Data in this exercise:
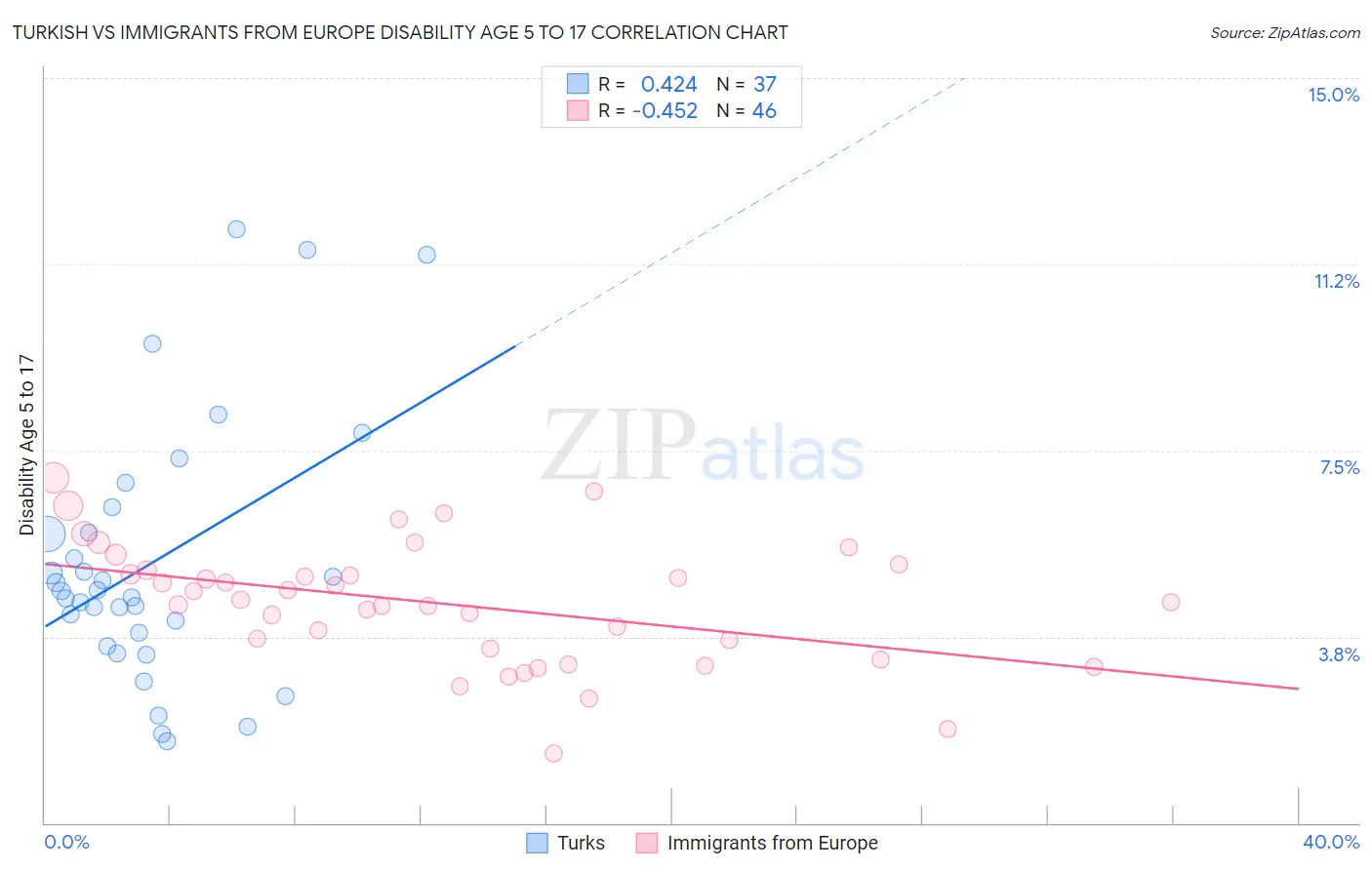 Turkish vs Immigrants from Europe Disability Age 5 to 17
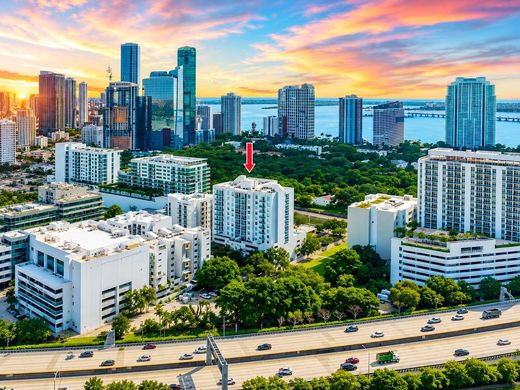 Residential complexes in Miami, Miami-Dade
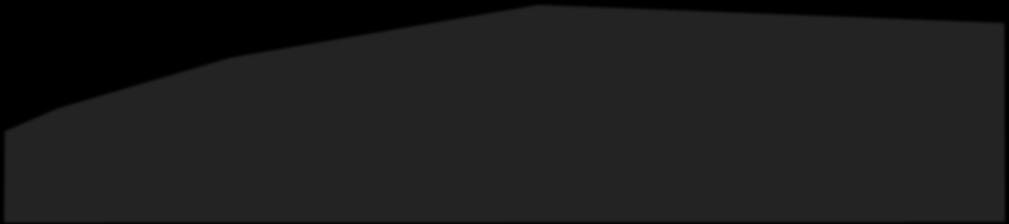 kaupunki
--
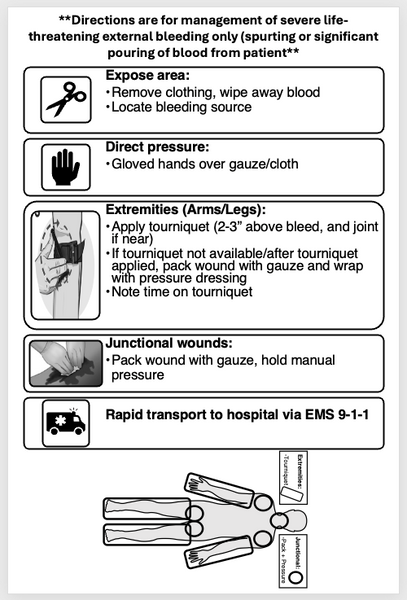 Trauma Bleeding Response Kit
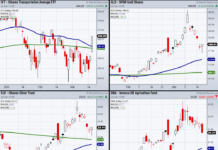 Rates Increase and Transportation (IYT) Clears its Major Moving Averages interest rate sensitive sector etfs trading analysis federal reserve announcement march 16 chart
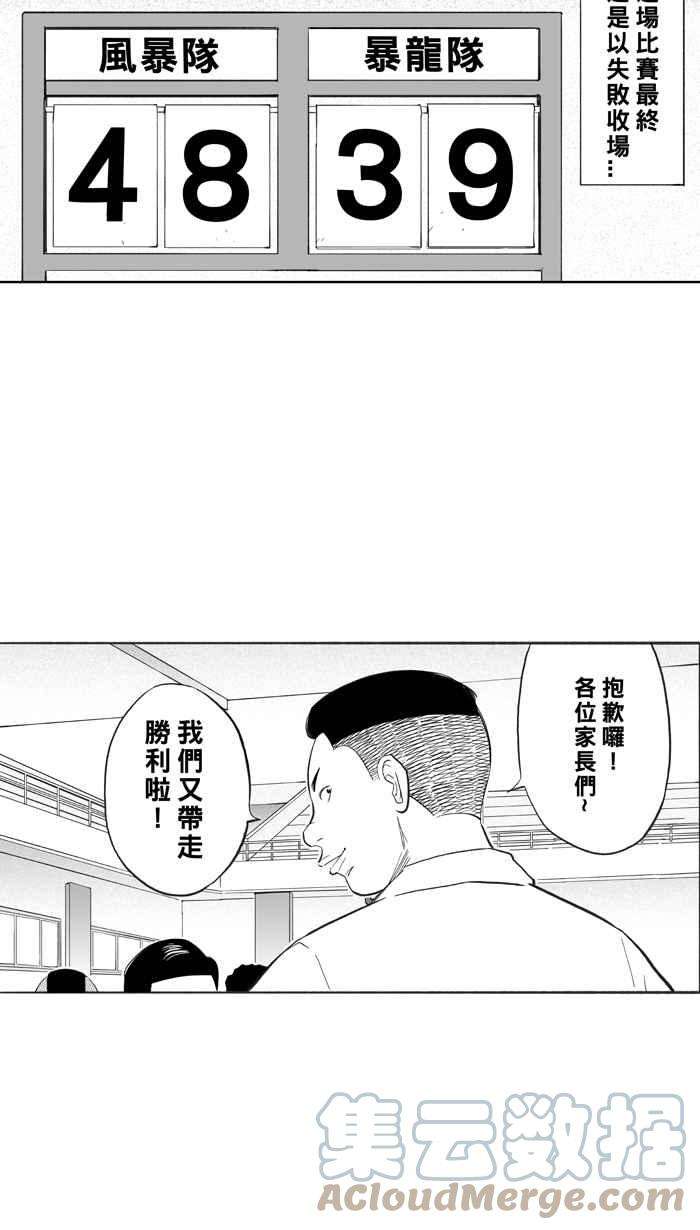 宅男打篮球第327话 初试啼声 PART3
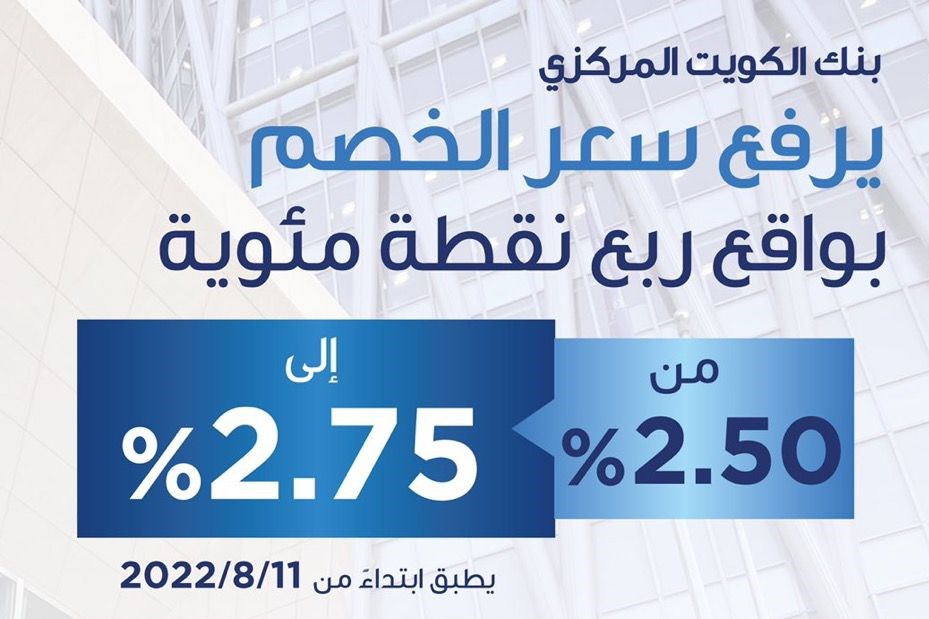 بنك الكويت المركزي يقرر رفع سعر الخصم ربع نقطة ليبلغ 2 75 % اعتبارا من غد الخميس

Aim of the task: Take the material above from the line containing "宅男打篮球第327话 初试啼声 PART3" up to and including the line containing "بنك الكويت المركزي" and retype it exactly, without any pictures.

Exercise solution:
 宅男打篮球第327话 初试啼声 PART3
 بنك الكويت المركزي يقرر رفع سعر الخصم ربع نقطة ليبلغ 2 75 % اعتبارا من غد الخميس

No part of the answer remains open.